• **TASK PROMPT**
The expected result is an exact restatement of the data, free of pictures.

• **INFORMATION PROVIDED**

===

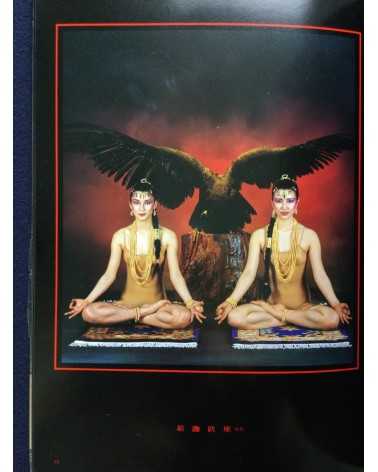 Garo Aida - Chakra, Yoga Photobook - 1981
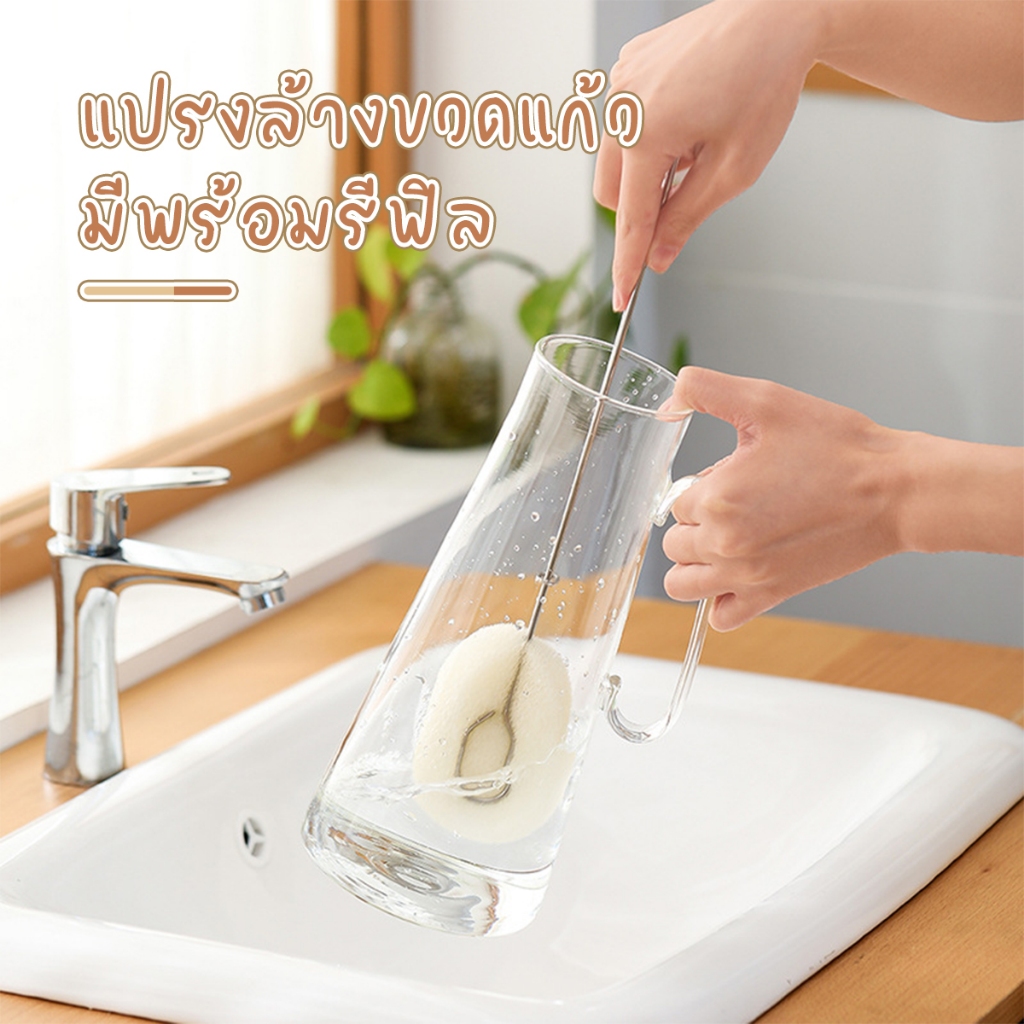 แปรงล้างขวดแก้ว เครื่องมือทำความสะอาดในห้องครัว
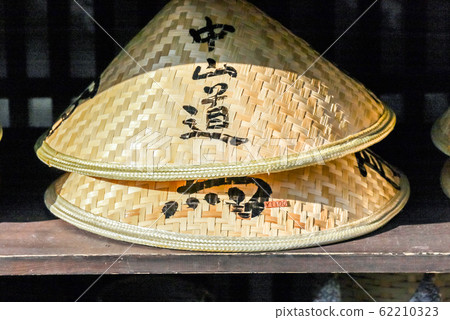 Covered hat sold at Magomejuku 62210323
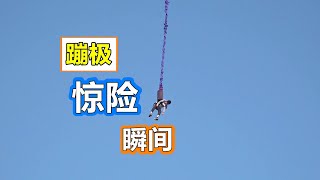 长焦镜头真实记录高台蹦极惊险瞬间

===

• **SOLUTION TO THE EXERCISE**
 Garo Aida - Chakra, Yoga Photobook - 1981
 แปรงล้างขวดแก้ว เครื่องมือทำความสะอาดในห้องครัว
 Covered hat sold at Magomejuku 62210323
 长焦镜头真实记录高台蹦极惊险瞬间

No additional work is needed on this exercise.